Gli italiani non si sposano. Se ancora ce ne fosse bisogno, l’Istat lo conferma nel rapporto su matrimoni, separazioni e divorzi relativo al 2014, anno in cui sono stati celebrati 189.765 matrimoni, 4.300 in meno rispetto al 2013. Quelli che si sposano, poi, “durano” in media 16 anni perché poi si separano. Questa, almeno, è la durata media delle unioni prima della rittura (quando lui avrà – sempre in media -47 anni e lei 44).
Ma attenzione: non è che i giovani italiani abbiano una propensione per la solitudine. Semplicemente scelgono la convivenza. Infatti le unioni di fatto sono più che raddoppiate dal 2008 e le convivenze tra giovani che non siano già reduci da un altro matrimonio sono 641mila nel 2013-2014, essendo decuplicate rispetto al 1993-1994. Par di vedere la scena: lui che chiede a lei o lei a lui “Vuoi fare un’unione di fatto con me?” una situazione che non si sarebbe immaginata nemmeno nel meno romantico dei romanzi o dei film. E pensare che invece quel che predomina è proprio il sentimento, l’emozione, il desiderio fisico, gli unici ingredienti celebrati da una società che dipinge il matrimonio come qualcosa di vecchio, stantio, noioso e soprattutto pesante. Ma evidentemente l’innamoramento non spinge a buttarsi, almeno nei sogni e nei desideri, nel “per sempre”. Meglio cominciare a vivere insieme, magari con la stanzetta in casa dei genitori intatta, pronta a riaccogliere in caso di litigio o frattura. Tanto il cordone ombelicale con la famiglia d’origine rimane spesso annodato dai turni per il cambio della biancheria e la stiratura che, si sa, è sempre stata una dei gradini più faticosi della vita nuova a due.

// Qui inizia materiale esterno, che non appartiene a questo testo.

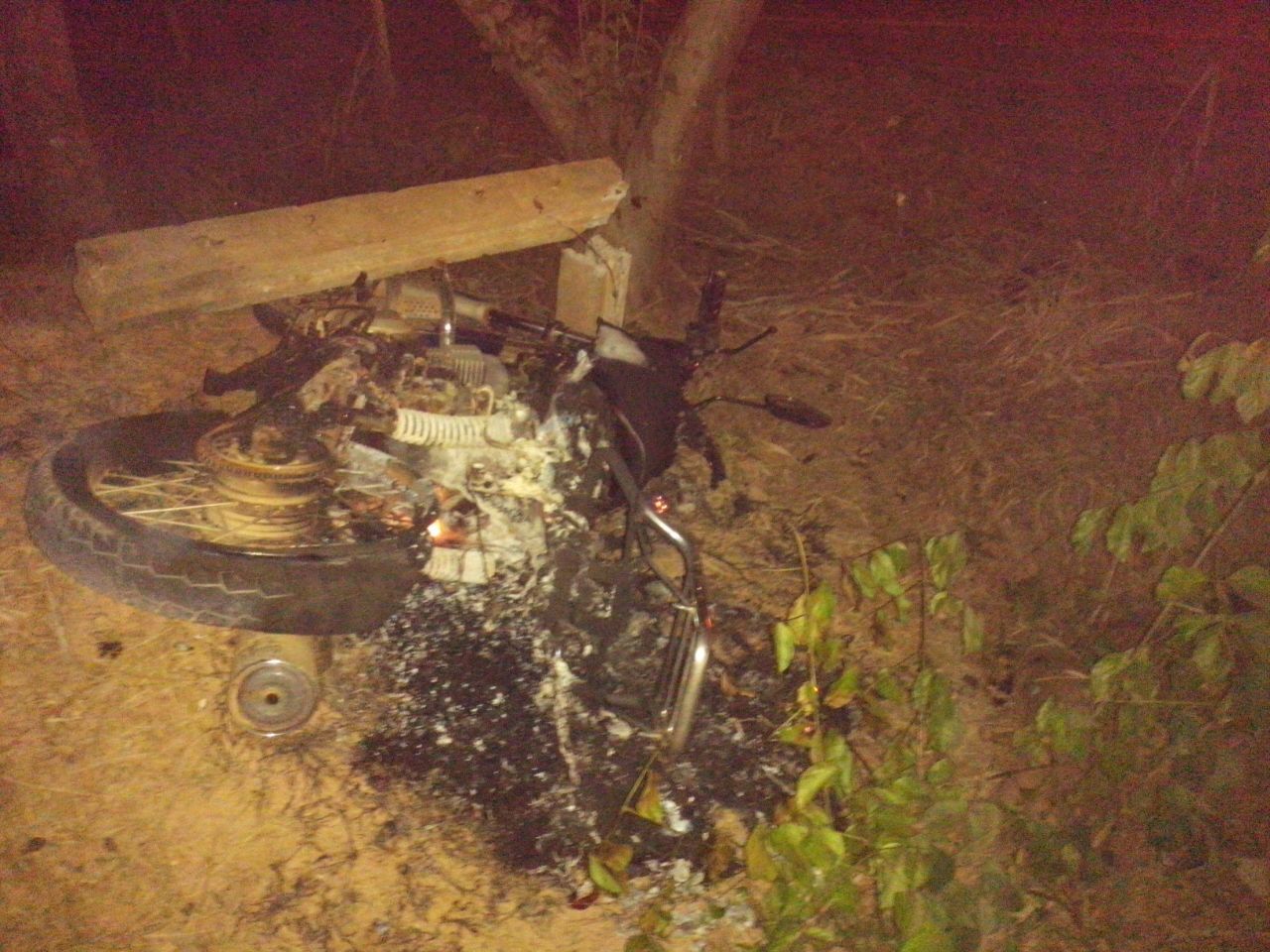Moto é incendiada após colidir contra cerca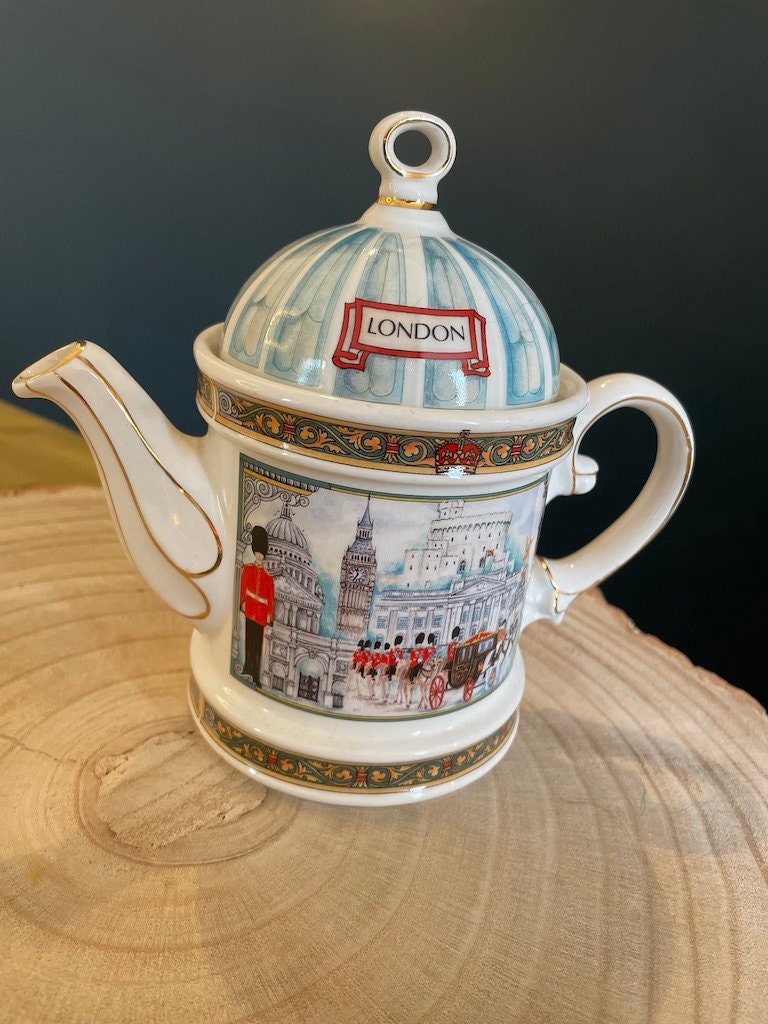 Sadler ' Horse Guards' Teapot London Heritage Etsy UK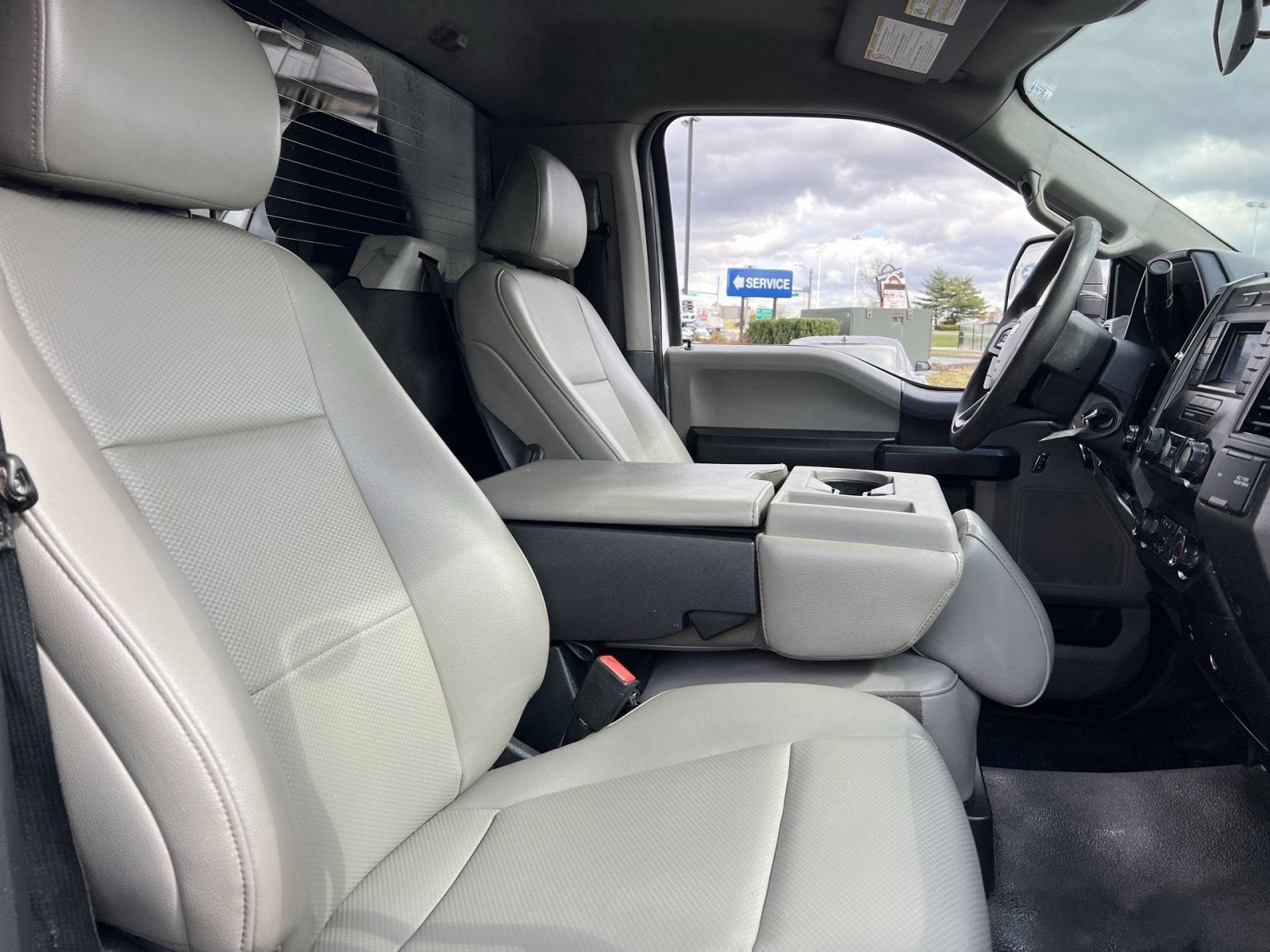 2022 Ford F-550 Chassis Cab XL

Ma troppo facile sarebbe buttare addosso ai giovani una sorta di egoistico desiderio di sottrarsi alle responsabilità e alle promesse a lungo termine “finche morte non ci separi” (come continuano a fare invece tante coppie che vivono nei Paesi in guerra in cui non c'è alcune certezza del futuro) e motivare con questo un calo dei matrimoni che ben altre ragioni trova in un Paese nemico della famiglia e ancor più di coloro che hanno ancora il coraggio di mettere al mondo un figlio. Il problema del lavoro insicuro, della mancanza di equità fiscale per chi si impegna di fronte alla società, della difficile, se non impossibile conciliazione famiglia lavoro sono solo alcune delle cause che vengono alla mente.
Ma anche tenere in conto solamente le ragioni economiche e sociali sarebbe miope ed impedirebbe di chiedersi, noi genitori, e forse ancor di più noi mamme quale messaggio stiamo mandando ai figli, e forse ancor di più alle figlie, di che cosa sia un matrimonio scelto non solo per innamoramento, ma anche per progetto e anche forse per scommessa, ma comunque abbracciato con la volontà di farlo vivere, mettendone già sul conto le fatiche quotidiane. Ma col la risoluta volontà di raccontarne le grandi bellezze (che sono innumerevoli) invece che seguitare a sottolinearne i sacrifici.